**WHAT IS NEEDED**
Pick every line from the data below that contains the string "Leather" and copy it.

**DATA FOR PROCESSING**
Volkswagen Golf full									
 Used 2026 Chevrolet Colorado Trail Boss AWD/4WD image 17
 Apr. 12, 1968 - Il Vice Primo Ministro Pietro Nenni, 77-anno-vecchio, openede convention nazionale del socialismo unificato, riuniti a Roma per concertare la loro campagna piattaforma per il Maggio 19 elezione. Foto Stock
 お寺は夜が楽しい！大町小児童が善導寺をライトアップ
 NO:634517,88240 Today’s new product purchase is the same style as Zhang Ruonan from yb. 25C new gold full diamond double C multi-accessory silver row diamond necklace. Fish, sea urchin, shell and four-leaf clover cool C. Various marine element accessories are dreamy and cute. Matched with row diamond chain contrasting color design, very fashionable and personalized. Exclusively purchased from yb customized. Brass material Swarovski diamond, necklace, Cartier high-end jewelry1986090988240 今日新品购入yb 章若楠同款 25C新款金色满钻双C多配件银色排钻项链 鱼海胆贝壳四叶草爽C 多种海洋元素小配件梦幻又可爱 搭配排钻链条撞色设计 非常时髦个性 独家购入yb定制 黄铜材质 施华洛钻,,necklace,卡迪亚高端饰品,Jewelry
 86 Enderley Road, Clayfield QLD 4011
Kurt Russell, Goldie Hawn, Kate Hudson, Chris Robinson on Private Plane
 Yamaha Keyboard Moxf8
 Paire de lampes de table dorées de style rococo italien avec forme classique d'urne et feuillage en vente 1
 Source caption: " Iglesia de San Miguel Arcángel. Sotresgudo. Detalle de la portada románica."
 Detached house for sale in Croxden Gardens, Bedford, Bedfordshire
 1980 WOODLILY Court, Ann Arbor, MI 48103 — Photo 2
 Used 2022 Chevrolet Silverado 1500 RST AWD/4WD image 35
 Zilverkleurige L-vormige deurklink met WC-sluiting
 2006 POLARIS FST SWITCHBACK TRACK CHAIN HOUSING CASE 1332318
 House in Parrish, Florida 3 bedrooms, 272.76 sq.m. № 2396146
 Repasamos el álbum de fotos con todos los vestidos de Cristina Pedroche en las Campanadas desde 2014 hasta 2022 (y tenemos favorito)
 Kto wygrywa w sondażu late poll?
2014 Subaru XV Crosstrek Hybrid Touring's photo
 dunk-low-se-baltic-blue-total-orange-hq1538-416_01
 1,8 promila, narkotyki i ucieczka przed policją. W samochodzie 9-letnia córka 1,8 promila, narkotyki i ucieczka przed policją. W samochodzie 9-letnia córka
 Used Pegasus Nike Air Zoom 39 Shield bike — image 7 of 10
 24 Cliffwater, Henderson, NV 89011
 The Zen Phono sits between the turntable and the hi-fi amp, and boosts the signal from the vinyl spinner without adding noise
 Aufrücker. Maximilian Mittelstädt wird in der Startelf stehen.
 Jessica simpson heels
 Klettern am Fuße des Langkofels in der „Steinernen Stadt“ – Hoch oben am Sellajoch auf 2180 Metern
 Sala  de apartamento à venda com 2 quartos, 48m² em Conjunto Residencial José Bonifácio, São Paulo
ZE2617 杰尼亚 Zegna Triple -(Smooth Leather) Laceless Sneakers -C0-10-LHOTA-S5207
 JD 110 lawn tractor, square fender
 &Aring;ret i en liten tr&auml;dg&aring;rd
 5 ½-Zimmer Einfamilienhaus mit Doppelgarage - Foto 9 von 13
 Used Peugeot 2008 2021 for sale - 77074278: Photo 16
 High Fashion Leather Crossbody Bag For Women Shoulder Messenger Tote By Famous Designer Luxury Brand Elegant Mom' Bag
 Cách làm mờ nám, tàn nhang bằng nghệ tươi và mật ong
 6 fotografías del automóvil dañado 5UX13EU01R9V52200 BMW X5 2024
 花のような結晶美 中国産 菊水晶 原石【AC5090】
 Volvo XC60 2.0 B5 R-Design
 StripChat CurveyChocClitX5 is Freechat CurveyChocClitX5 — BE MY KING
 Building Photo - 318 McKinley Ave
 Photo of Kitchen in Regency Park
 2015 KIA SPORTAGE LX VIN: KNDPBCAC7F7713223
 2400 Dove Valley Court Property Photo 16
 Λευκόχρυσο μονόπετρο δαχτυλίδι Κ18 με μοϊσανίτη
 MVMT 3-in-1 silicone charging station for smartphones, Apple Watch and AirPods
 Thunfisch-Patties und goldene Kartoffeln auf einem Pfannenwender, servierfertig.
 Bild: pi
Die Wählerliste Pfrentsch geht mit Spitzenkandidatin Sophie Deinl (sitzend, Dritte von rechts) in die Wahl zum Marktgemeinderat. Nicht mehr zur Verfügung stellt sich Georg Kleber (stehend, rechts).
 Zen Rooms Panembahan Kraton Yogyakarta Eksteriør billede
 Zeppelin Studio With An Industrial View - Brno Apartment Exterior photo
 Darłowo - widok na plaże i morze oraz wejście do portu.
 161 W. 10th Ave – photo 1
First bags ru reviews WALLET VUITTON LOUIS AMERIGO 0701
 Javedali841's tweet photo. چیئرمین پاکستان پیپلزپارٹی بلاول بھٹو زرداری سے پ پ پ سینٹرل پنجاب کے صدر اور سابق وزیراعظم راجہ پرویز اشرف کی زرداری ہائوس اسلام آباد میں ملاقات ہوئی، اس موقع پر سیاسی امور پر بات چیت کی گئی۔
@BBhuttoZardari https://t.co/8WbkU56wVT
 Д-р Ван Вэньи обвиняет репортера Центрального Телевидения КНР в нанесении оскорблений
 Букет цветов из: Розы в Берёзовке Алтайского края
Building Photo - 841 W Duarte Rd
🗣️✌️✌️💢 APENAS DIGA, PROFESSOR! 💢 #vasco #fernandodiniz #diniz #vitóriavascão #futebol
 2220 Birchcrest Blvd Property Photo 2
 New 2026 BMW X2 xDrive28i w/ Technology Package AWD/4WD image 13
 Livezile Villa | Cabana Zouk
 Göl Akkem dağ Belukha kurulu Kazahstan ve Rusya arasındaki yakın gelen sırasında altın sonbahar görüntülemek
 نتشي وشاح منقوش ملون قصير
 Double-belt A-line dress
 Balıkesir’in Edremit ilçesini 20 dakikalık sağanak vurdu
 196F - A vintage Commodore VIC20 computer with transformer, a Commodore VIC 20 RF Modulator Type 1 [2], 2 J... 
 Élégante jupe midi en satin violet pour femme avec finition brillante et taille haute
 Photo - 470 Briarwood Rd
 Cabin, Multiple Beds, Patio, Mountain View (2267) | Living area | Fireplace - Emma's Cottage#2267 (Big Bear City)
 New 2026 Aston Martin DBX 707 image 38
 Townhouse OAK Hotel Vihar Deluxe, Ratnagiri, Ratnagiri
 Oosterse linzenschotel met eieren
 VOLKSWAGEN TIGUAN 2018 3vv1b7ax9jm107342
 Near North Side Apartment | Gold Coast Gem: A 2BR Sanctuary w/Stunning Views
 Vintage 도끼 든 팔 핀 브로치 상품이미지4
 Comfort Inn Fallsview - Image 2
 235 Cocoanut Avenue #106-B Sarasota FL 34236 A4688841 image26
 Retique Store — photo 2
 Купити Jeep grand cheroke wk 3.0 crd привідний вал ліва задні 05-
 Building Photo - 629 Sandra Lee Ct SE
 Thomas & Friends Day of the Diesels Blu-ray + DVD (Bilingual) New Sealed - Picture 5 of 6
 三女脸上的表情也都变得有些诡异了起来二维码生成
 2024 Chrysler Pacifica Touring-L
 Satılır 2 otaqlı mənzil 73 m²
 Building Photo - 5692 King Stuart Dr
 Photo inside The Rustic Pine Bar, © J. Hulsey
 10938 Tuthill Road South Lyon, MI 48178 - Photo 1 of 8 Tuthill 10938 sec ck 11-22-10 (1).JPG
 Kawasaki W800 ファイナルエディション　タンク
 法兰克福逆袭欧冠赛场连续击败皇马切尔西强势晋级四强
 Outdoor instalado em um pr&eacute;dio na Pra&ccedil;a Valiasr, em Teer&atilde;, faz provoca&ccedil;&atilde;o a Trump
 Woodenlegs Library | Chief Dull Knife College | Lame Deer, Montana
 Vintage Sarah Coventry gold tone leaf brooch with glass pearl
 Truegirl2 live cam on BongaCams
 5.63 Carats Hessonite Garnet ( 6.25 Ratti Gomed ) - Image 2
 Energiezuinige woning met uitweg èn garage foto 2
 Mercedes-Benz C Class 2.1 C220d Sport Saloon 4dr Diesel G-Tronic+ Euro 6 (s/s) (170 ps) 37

**TASK RESPONSE**
ZE2617 杰尼亚 Zegna Triple -(Smooth Leather) Laceless Sneakers -C0-10-LHOTA-S5207
 High Fashion Leather Crossbody Bag For Women Shoulder Messenger Tote By Famous Designer Luxury Brand Elegant Mom' Bag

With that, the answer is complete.